A mesa do papeleiro é pobre e pouca. Há frestas em sua insalubre moradia. Agasalho escasso, extenuante o trabalho. Não conhece férias e não recebe hora extra. Bem perto de onde mora está o traficante com dinheiro no bolso e correntes de ouro no pescoço. Se é de justiça tratar desigualmente os desiguais, a tolerância e a indulgência, em nome da luta de classes, para com os crimes praticados por indivíduos supostamente pobres são uma ofensa ao papeleiro da Salvador França. Todo modo de ver a lei penal como lei do “opressor” contra o “oprimido”, todo garantismo que assumidamente desprotege a sociedade são ofensivos ao seu trabalho honesto.

Assumindo como ganha-pão uma tarefa de tração animal, ele ensina o quanto a vida, mesmo comprometida diariamente com penosa rotina, pode ser dura sem deixar de ser humana e digna. Enquanto, naquele dia, arrastava sua carga ladeira acima, o papeleiro esbofeteava, sem saber, a face de cada corrupto e de cada corruptor. Ensinava a quantos fazem e aplicam a lei que a pobreza a merecer proteção social e institucional é a pobreza do homem bom, nunca – nunca! – por si mesma, a pobreza do malfeitor, do traficante, do ladrão, do homicida, do estuprador (que até estes voltam rapidamente às ruas!). Degenerado é degenerado, criminoso é criminoso, independentemente do extrato de renda. O lugar de quem vive do crime é a cadeia, senhores.
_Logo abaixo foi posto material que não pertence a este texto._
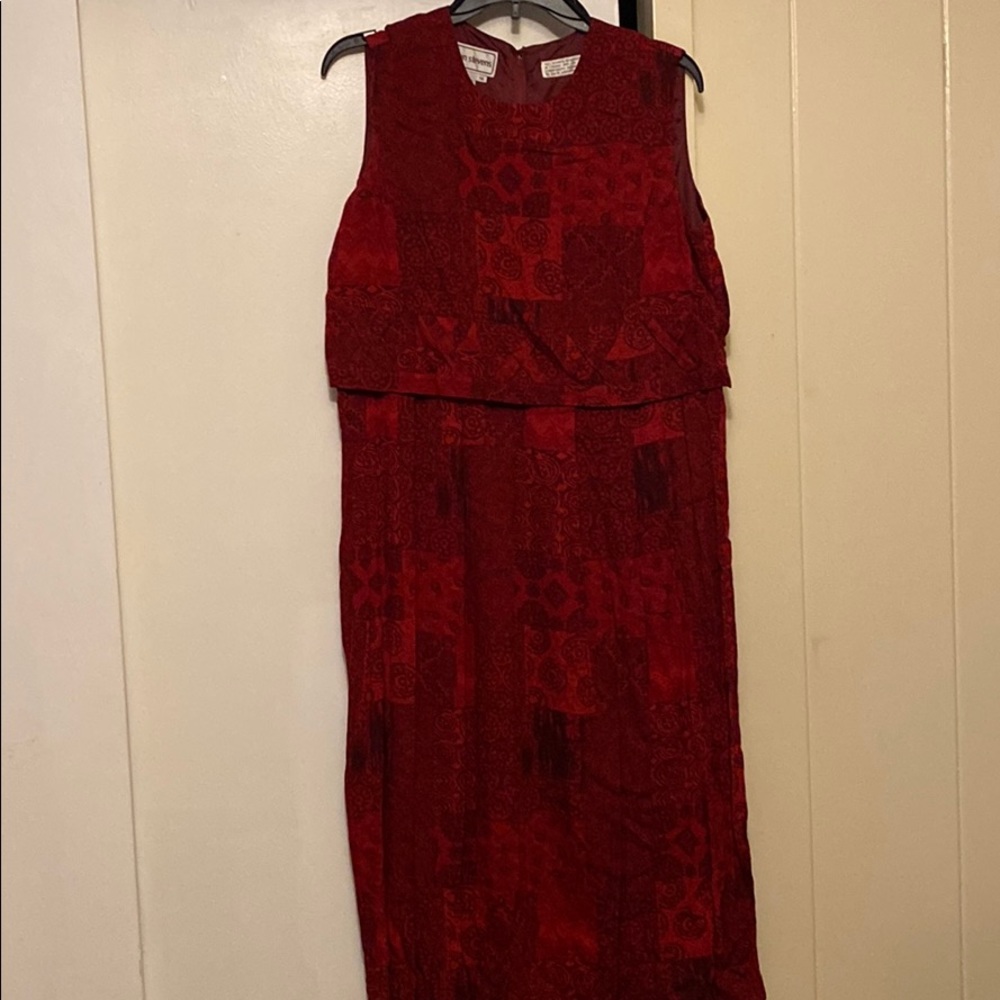 Gently Used Karin Stevens Maroon Sleeveless Dress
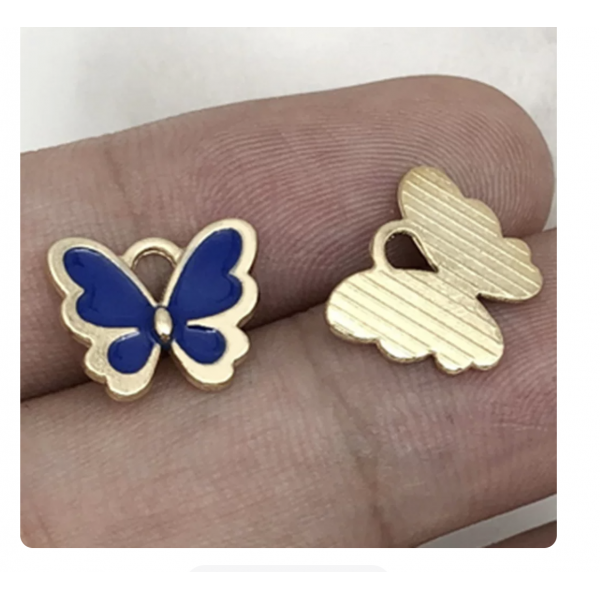 5pcs/pack 12x11mm enamel butterfly dark blue TB-865309098828--12493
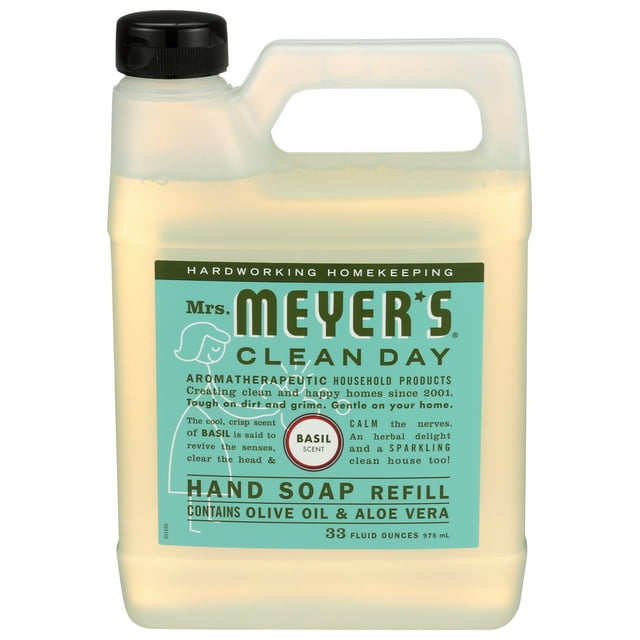 Soap Refill Mrs. Meyer's Clean Day líquido con aroma a albahaca, paquete de 3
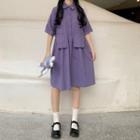 Plain Button-up A-line Dress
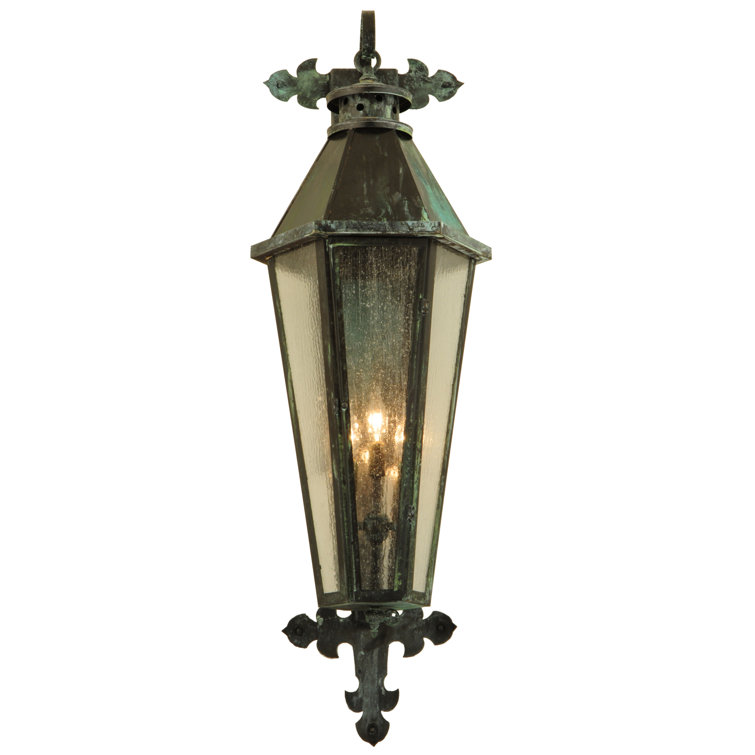 Millesime 43" Craftsman Verdi Brass Lantern Wall Sconce
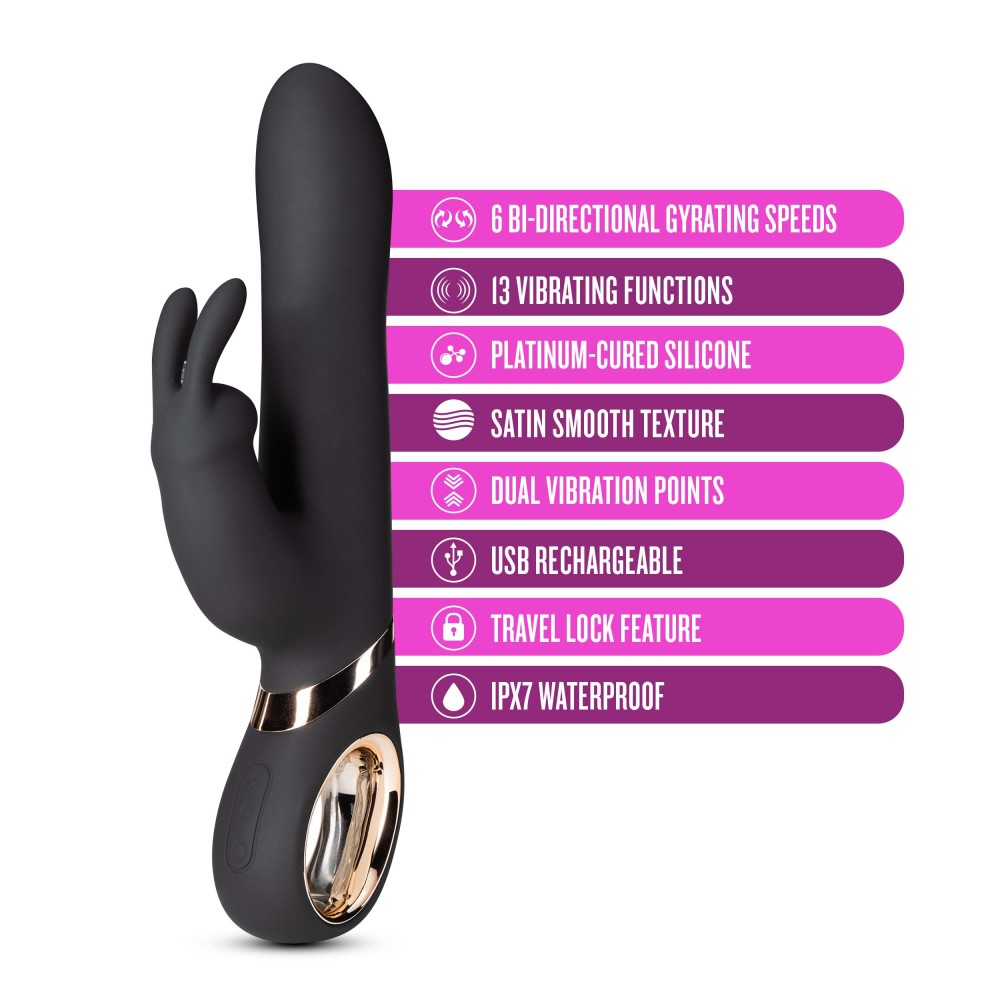 Blush Victoria G-Spot Black 9-Inch Rabbit Loop Handle Vibrator、mySite、bottomscart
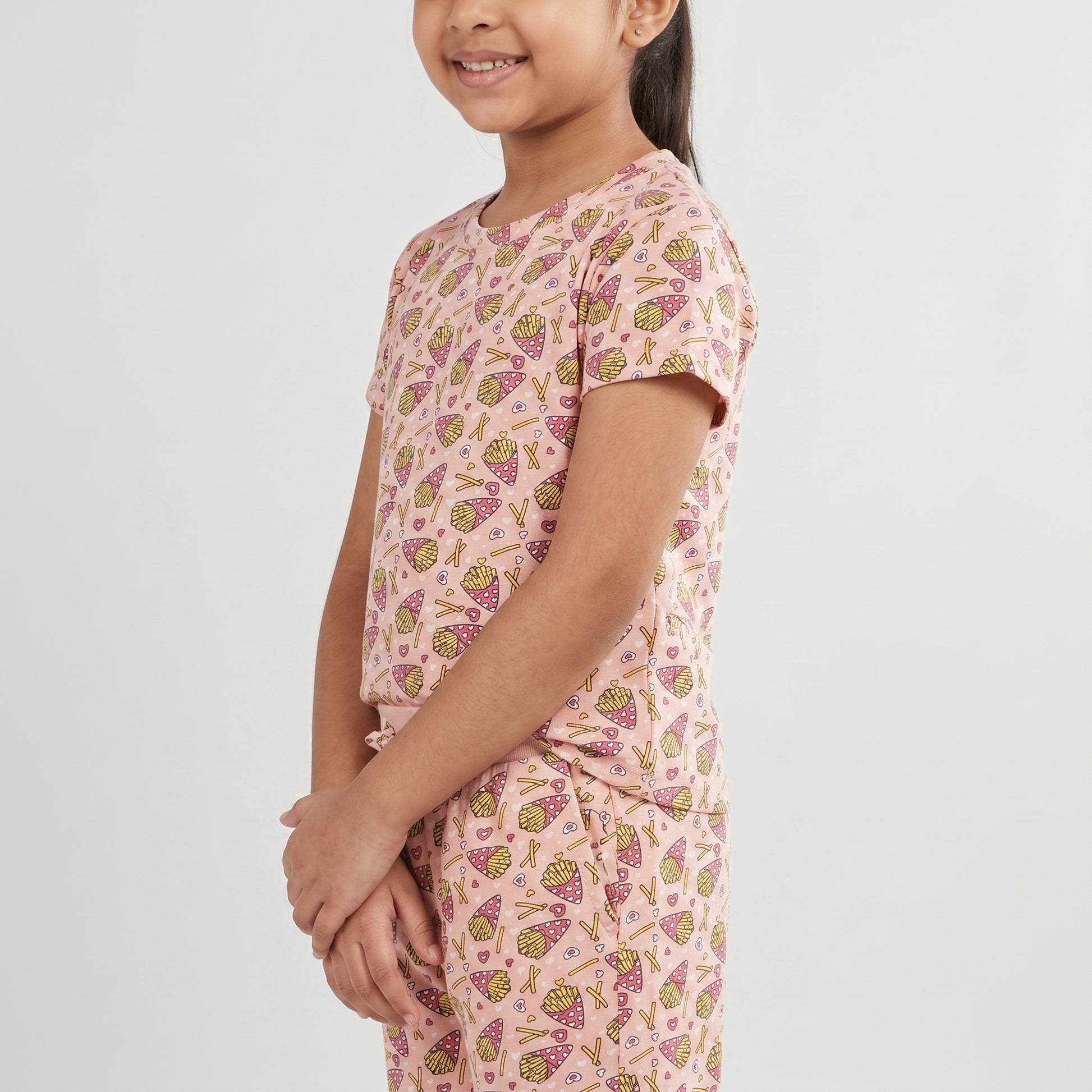 Girls Cotton Printed T-Shirt with Trackpants Sleepwear Set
Por isso, falando em nome de muitos, de poucos ou apenas no meu próprio, gostaria de conhecer a natureza do delito que certos homens da lei nos imputam, leitor. Ao dar liberdade a quem tem que estar preso, esses falsos justiceiros condenam todos os demais à insegurança e à restrição da liberdade. Escrevam o que pensam, senhores! Sustentem suas teses marxistas abertamente nos jornais! Venham à luz do dia com suas doutrinas! Não se escondam nas páginas dos processos, nas dissertações acadêmicas e nos conciliábulos dos que pensam igual! Afinal, desarmados pelas exigências que cercam a posse de qualquer arma, agora estamos encarcerados por grades de proteção e temos as mãos contidas pelas algemas da impotência cívica.